There are a total of seven statues of the Mon village, mon fossile set in seven different French communes, representing six unique species (each of a different genus) and accounting for five mammal species and one bird species. While the placements of some species as mascots of certain villages are based on their species names, other placements have been based more on their genus names. The six species of the statue set are the ruminant Bachitherium guirountensis in Bach, perissodactyl "Limognitherium" (= Schizotherium) priscum in Limogne-en-Quercy, metatherian Peratherium lavergnense in Concots, artiodactyl Pseudamphimeryx salesmei in Larnagol, tody Palaeotodus escampiensis in Escamps, and the bat Vaylatsia cregolensis in Vaylats and Crégols (making Vaylatsia the only genus to be representative of two localities rather than just one). Of note is that the name "Limognitherium" is used in reference to the Limogne-en-Quercy locality despite "Schizotherium" taxonomically taking priority as the senior synonym and valid genus name. Additionally, rather than Larnagol, Pseudamphimeryx salesmei was named after a specific locality named "Salesmes", located within the heights of the commune. The name Peratherium lavergnense is derived from the district of Lavergne within Concots.

=== History ===
The Mon village, mon fossile project began in early 2021 and is one of several programs started by the geopark to educate local inhabitants about their locations' palaeontological heritages. The seven statues were all sculpted by the French artist and Bouziès resident Patrick Médéric, who was commissioned by the geopark. Certain statues had their proportional sizes changed from those of the animal species they represented, such as when one of Pseudamphimeryx, estimated to be about 20 cm tall, was multiplied by five. According to Médéric, the seven sculptures each weighed 100 kg and measured 200 cm long, 100 cm wide, and 80 cm high. He closely collaborated with local palaeontologists while constructing the sculptures. Also involved in the project were a selection committee of the represented municipalities and Maison des arts Georges et Claude Pompidou. Residents of the municipalities for the upcoming statues were able to visit his studio to view his progress on them. The sculptor used rebar and steel metals for the statues and assembled the works via welding them. It took nine months for Médéric to complete his commissions, the set being inaugurated beginning in August 2022 at Bouziès with geopark president Catherine Marlas and the town's mayor present for the event. The total cost of the production of the sculpture set was €76,623.86, with each of the seven sculptures costing €10,000. The explanatory labels costed €4,141 and the engineering work €2,482.86. Additional financing plans for the parks costed about €36,780 total.

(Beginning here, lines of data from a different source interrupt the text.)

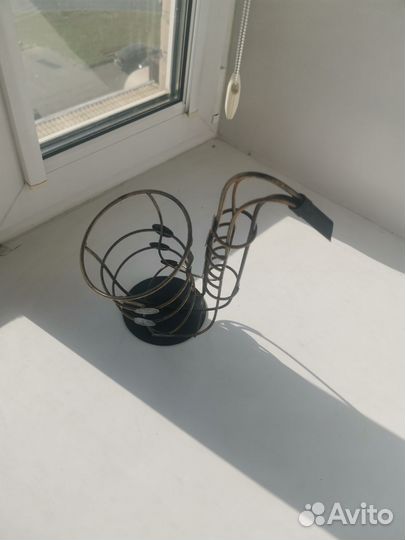 Подставка для винных бутылок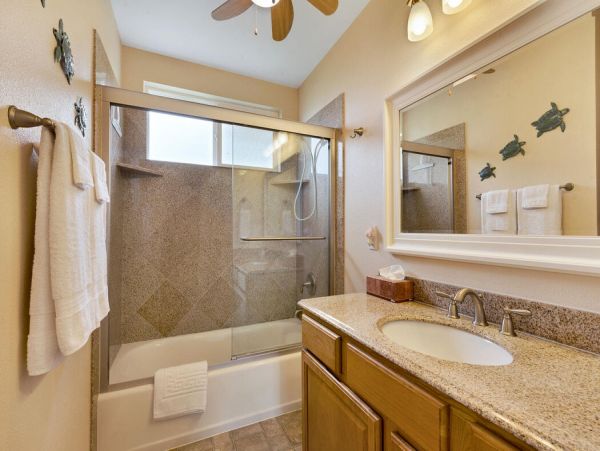 2 Bedroom walk to beach
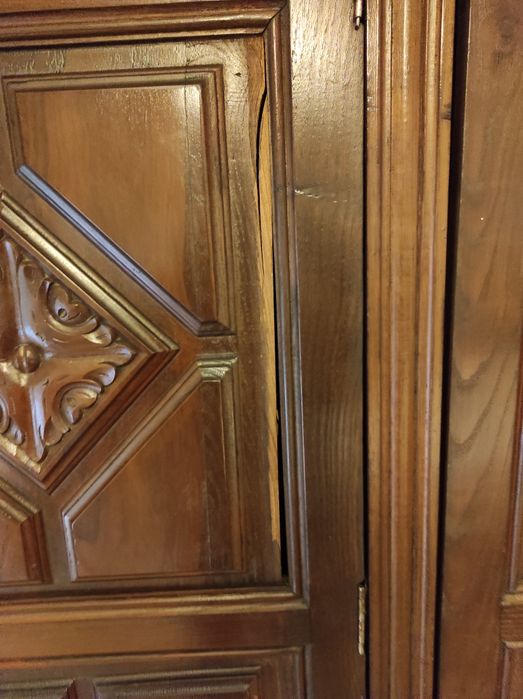 Roupeiro/ guarda roupa em madeira D. João V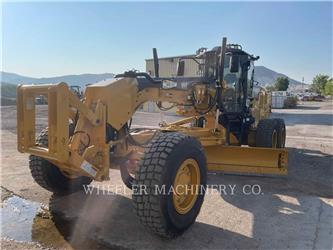 CAT 150 AWD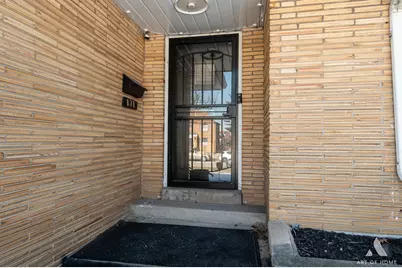 131 Detroit Street, Calumet City, IL 60409 - Photo 2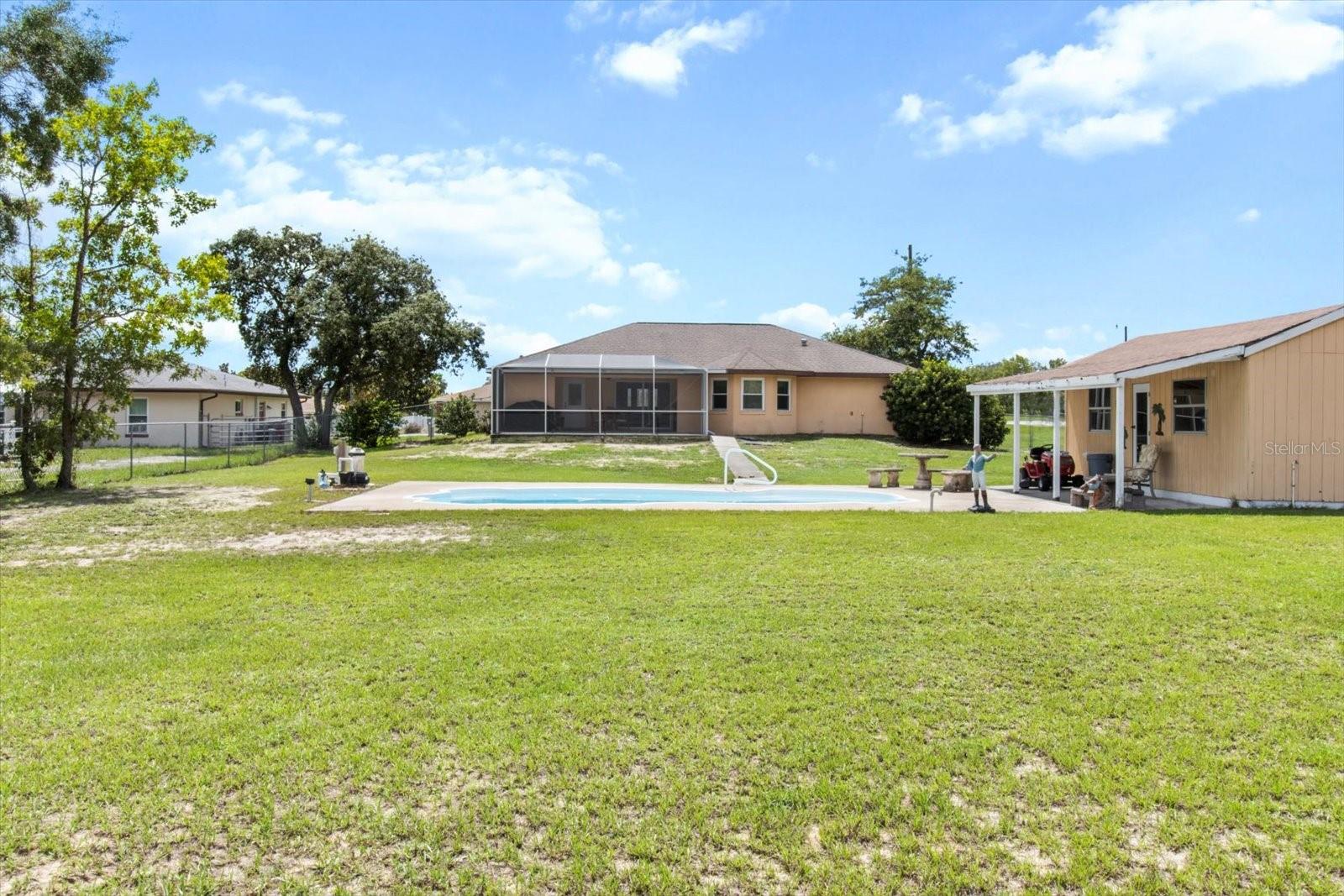 HILLS OF AVALON - Residential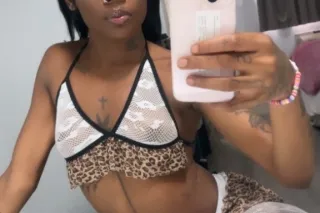 (INCALLS Only)📍Qv70 Hhr120 Petite freak🤪,SuperHead🥳,creamy Wet Pussy😝,Titties sit pretty💃🏾,Ass softer then tissue🫣 it's cotton💦 - Image 3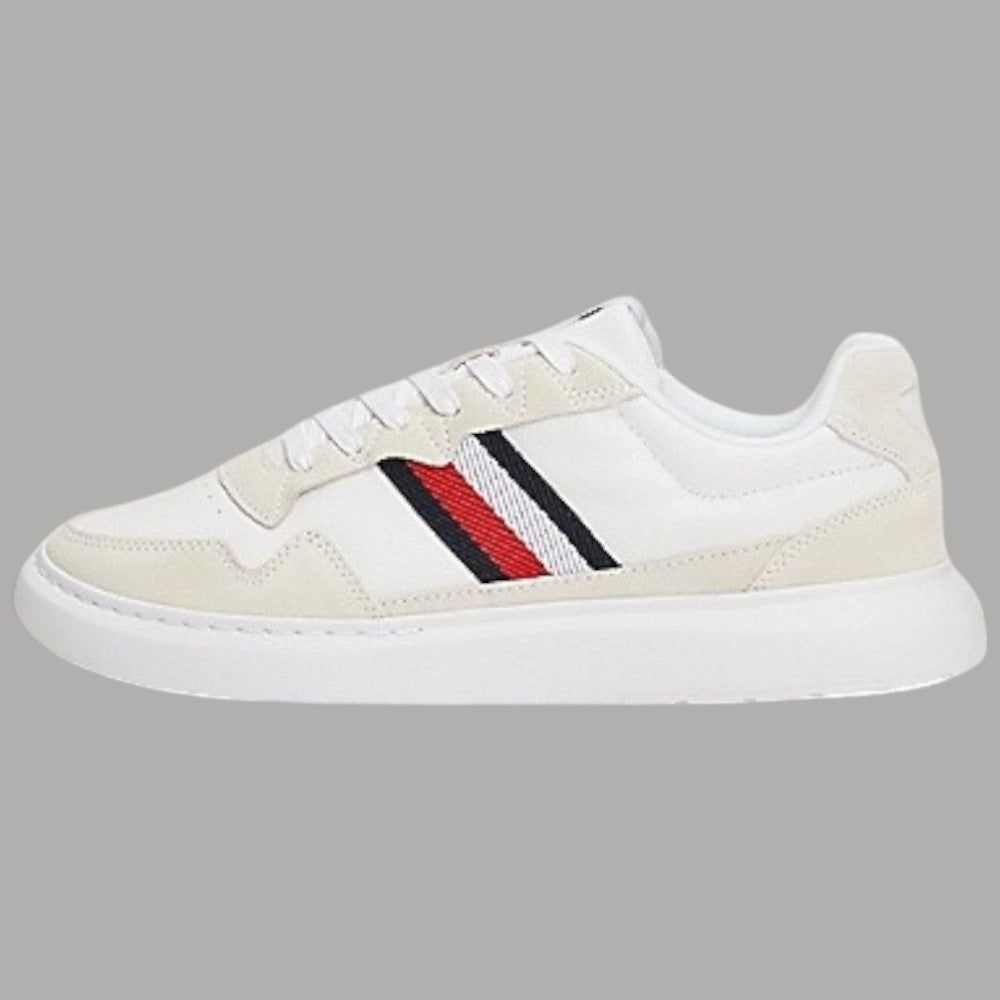Sneaker Tommy Hilfiger bianche con fascia a righe rosso, bianco e blu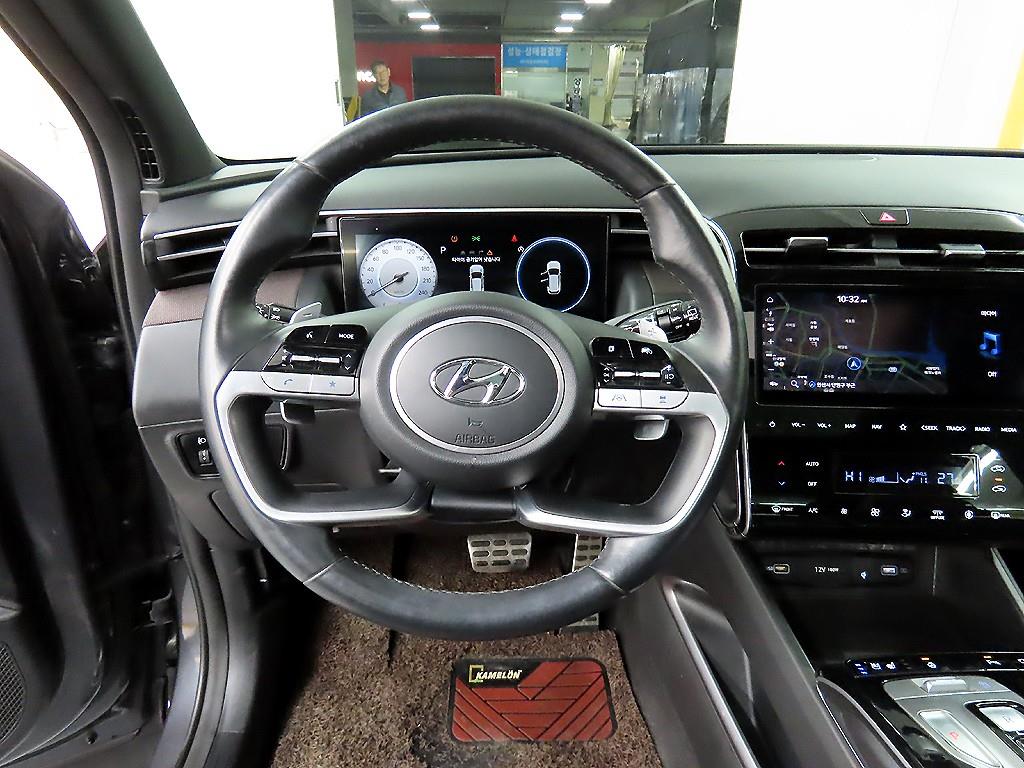 HYUNDAI Tucson - Vista 9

Afterward the initial inauguration at Bouziès, the statues were then to be installed within their representative locations. The sculpture of Palaeotodus in the village of Escamps was inaugurated on 24 September 2022, with Marlas and Médéric attending. On 2 November 2022, the "Limognitherium" sculpture was inaugurated at a parking lot at the centre of the village at Limogne-en-Quercy, with Catherine Marlas, the village mayor Jean-Claude Vialette, and several other officials attending. Retired geologist Thierry Pélissier, who was the former curator of a nature reserve called "La Réserve naturelle d'intérêt géologique du Lot", gave a speech to explain what Schizotherium was; at the event, Marlas gave him a gift on behalf of the Causses de Quercy UNESCO Global Geopark. The Bachitherium statue was inaugurated on the main road of Bach on the opposite side of the town hall on 12 November 2022. Among the people present at the public ceremony were Patrick Médéric, Catherine Marlas, the village mayor Patrick Valette, and numerous local officials. The Pseudamphimeryx statue at Laragnol was inaugurated on 18 March 2023 with several local park officials and politicians present. A bike riding event for the seven sculptures from Concots to the six other villages was held on 8 October 2022.